#### TASK REQUIREMENTS
The reply is a verbatim copy of the listing below with its images dropped.

#### SUPPLIED INFORMATION
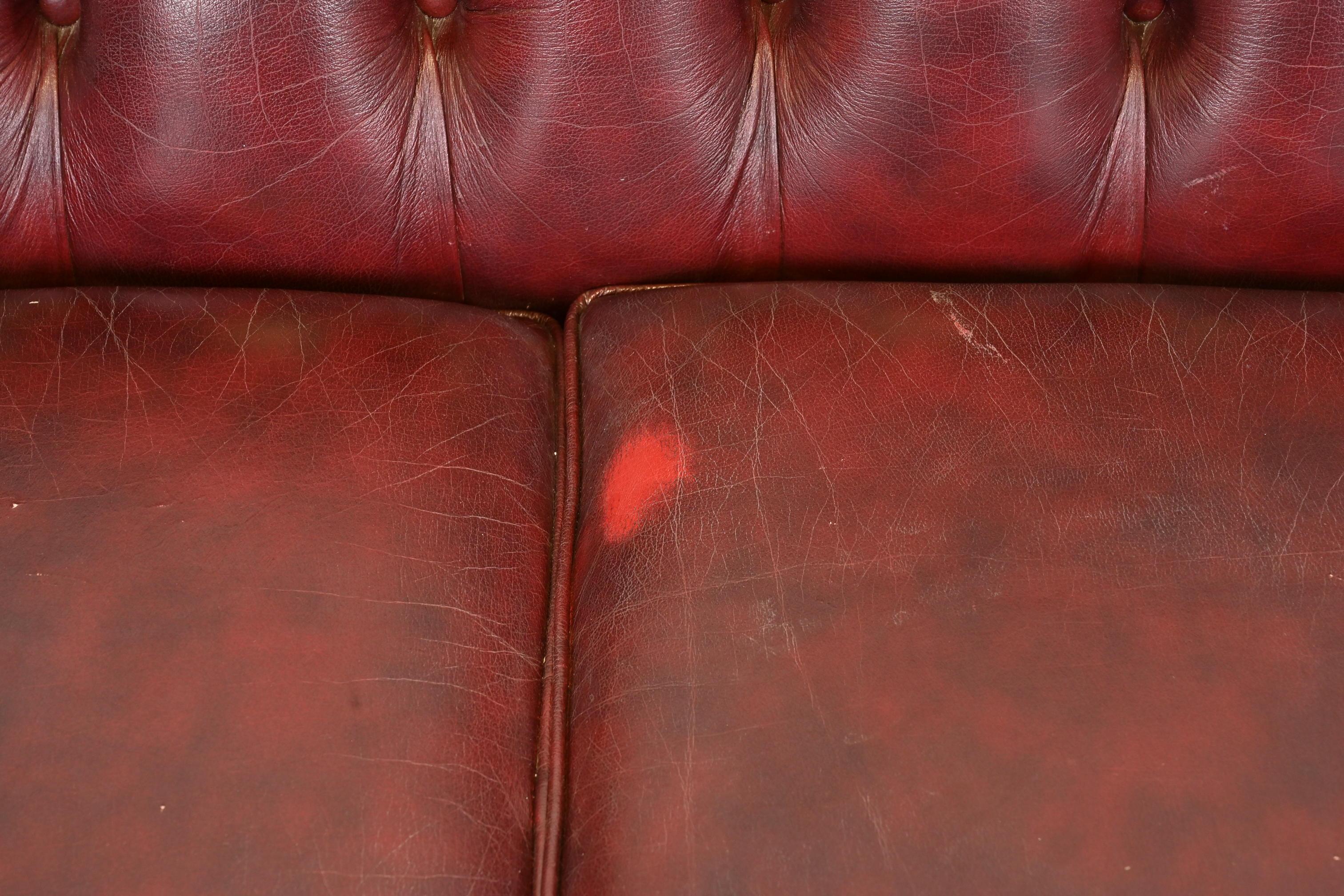 Vintage English Tufted Oxblood Leather Camelback Chesterfield Sofa 5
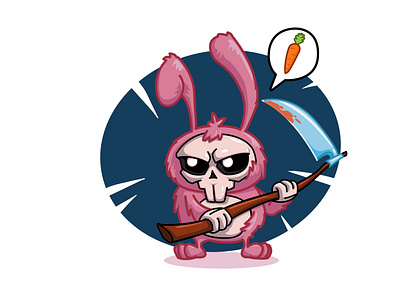 CarrotReaper character death humorous illustration illustration pink rabbit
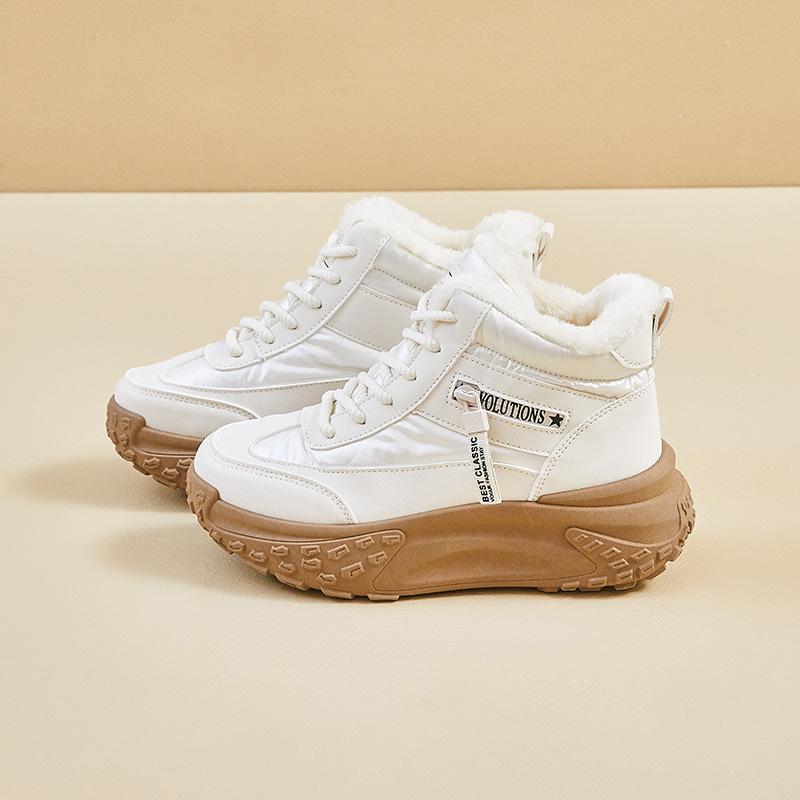 Winter neue Samt-High-Top-Dad-Schuhe für Studentinnen, Ins-Stil, dicke Sohle, vielseitig, warm, lässige Baumwollschuhe K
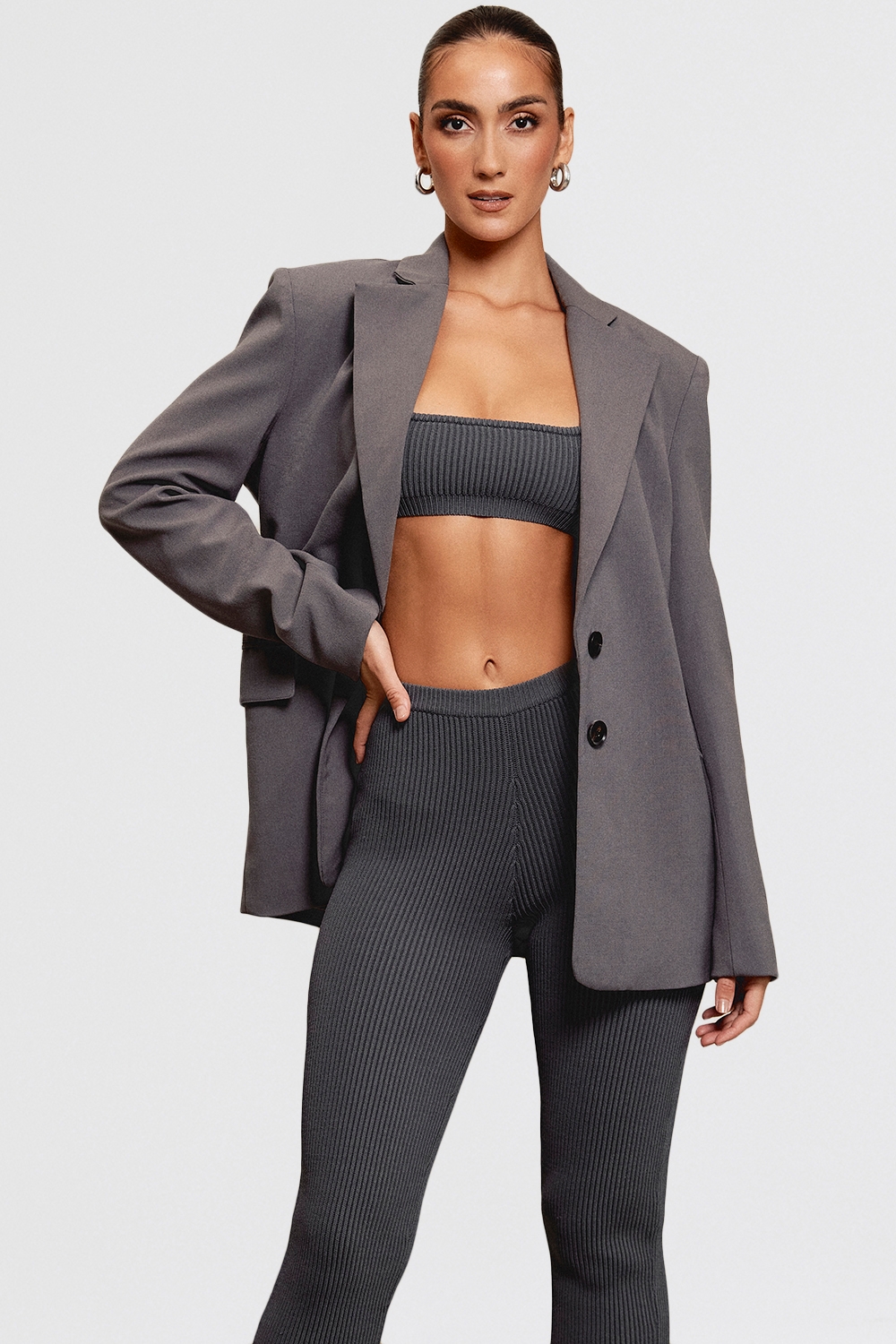 Aline-Dark Grey Oversized Blazer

#### ANSWER SPACE
 Vintage English Tufted Oxblood Leather Camelback Chesterfield Sofa 5
 CarrotReaper character death humorous illustration illustration pink rabbit
 Winter neue Samt-High-Top-Dad-Schuhe für Studentinnen, Ins-Stil, dicke Sohle, vielseitig, warm, lässige Baumwollschuhe K
 Aline-Dark Grey Oversized Blazer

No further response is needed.